As the BBC found out, you can’t just replace these guys. Nor can you feed them blended vegetables and rusks and expect them to regain any of their youth, and in recent episodes the old energy does seem to be lacking. It’s definitely time for them to stop. There are two options for the producers, then: drop the show like a mouldy potato or get new blood in, and it looks like the (new) producers want to go for option B. How could that look? In short, really, really bad, if they don’t learn from past mistakes. Pick the wrong presenters and it’ll flop harder than your fat uncle in a Majorcan swimming pool.

Let’s discuss personnel. What the BBC did, in a fit of indecision after attempting to blend six main presenters into one woeful trial series (remember Eddie Jordan?), was settle on three wholly different people who just didn’t gel. At all. The plan didn’t work and, if it’s true that Studio Lambert is taking charge of the next iteration of the Grand Tour, they’ll want to learn from what became a sting so hard the BBC can probably still feel it, and make sure they bring in three – it’s the only number that works for this kind of show – leads who already have that chemistry. That’s surely lesson number one.

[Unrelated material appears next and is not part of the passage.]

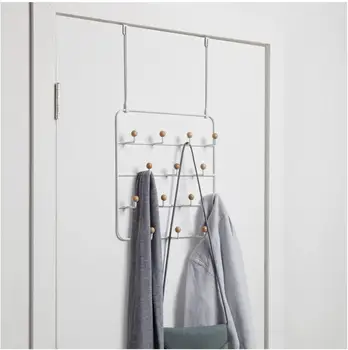 

Umbra organizer Estique wardrobe Gate multifunctional metal target (60.3x36.2x10.8 cm)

Clarkson, Hammond and May on The Grand Tour - A Scandi Flick
Clarkson, Hammond and May on The Grand Tour - A Scandi Flick

Second-up to bat, amongst the easy ways to drop the ball here, is the nightmarish scenario of asking the new faces to just copy what’s gone before in the hands of some of the world’s most experienced car show-based entertainers. Better that they get their own twist on the show to remove those tough comparisons. It’s time to think of new ways to get bums on seats in homes around the world; owners tuning in for the next instalment of the Grand Tour version 2.0. Which neatly brings us to the third and possibly biggest issue the show and its makers face. Are there actually any new ways to ‘do’ cars on big-budget TV that appeal to many millions of ordinary people per episode?

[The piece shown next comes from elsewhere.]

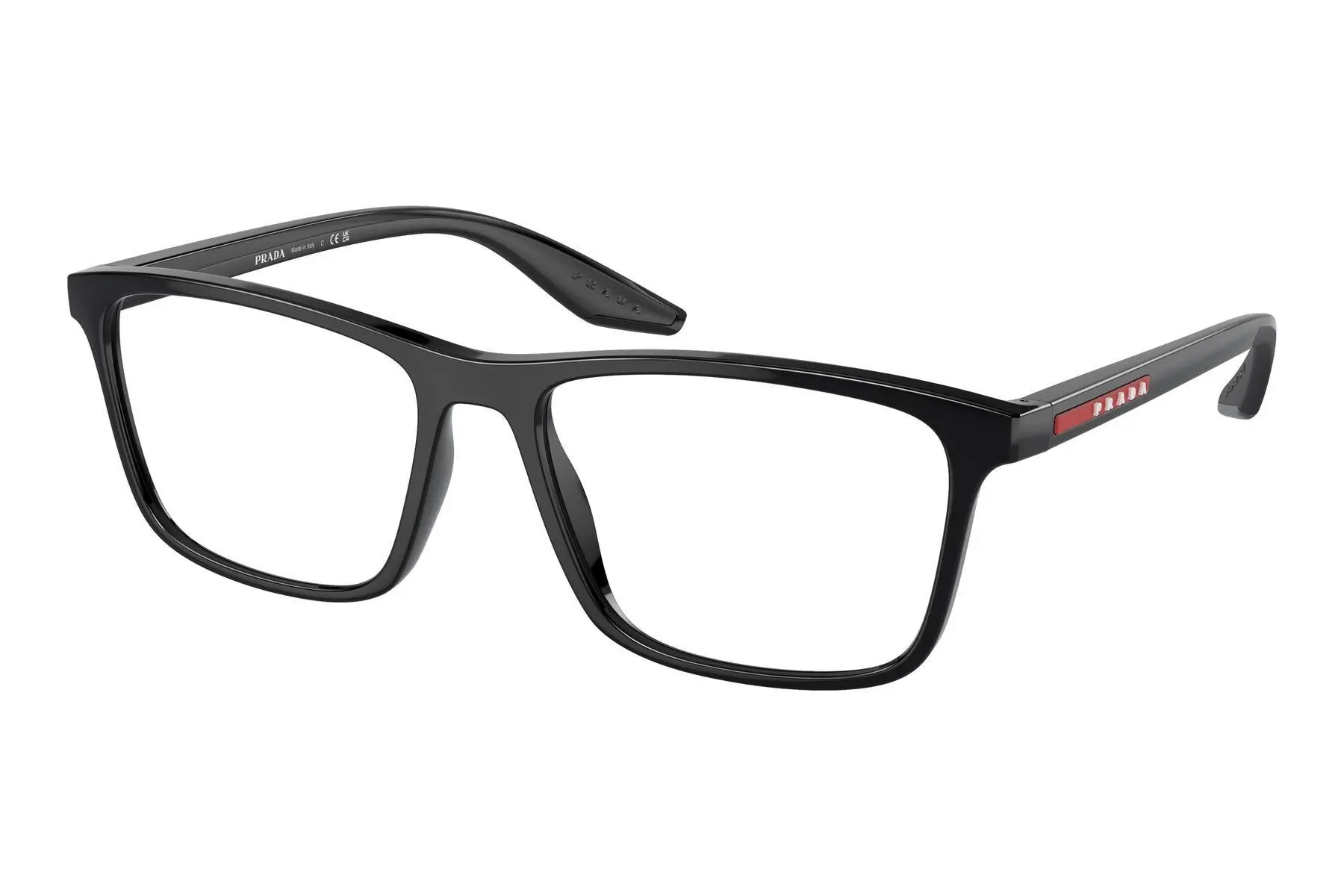 Prada Linea Rossa PS01QV 1AB1O1 - L (56)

Clarkson, Hammond and May have driven on almost every continent, gone north, south, east, west, across areas that were recently war zones, up snowy mountains, across deserts, through jungles, the outback, visited many of the most spectacular places on earth that you can reach in a car; hell, they’ve even taken pick-ups to the North Pole and driven through the radioactive Chernobyl exclusion zone. The highest roads, the twistiest roads, the most dangerous roads, the best roads, in supercars, superminis, off-roaders, boats, trucks, motorbikes… yes, even mobility scooters. it was a remarkable and wonderful journey. They even managed to convince the likes of Will Smith, Cameron Diaz and Tom Cruise – Tom sodding Cruise! – to come and drive a Kia Cee’d.

There are loads of car-related YouTube channels out there that we know and love, right? That doesn’t mean they’d make popular or effective TV shows, or whether the ideas would even transfer across. The glory of YouTube is in small-scale silliness and easy recovery from an episode that doesn’t do so well, but TV is a big and unforgiving beast. YouTube content works as it is. On the other hand, the minefield quest to find something genuinely new and effective to put into the Grand Tour has to succeed this time, or else the whole concept of the TV car show as we know it will probably need to be shelved – potentially for a very long time. With an Atlantic Ocean’s worth of water already having passed under this bridge, maybe a rest really is the best thing for it.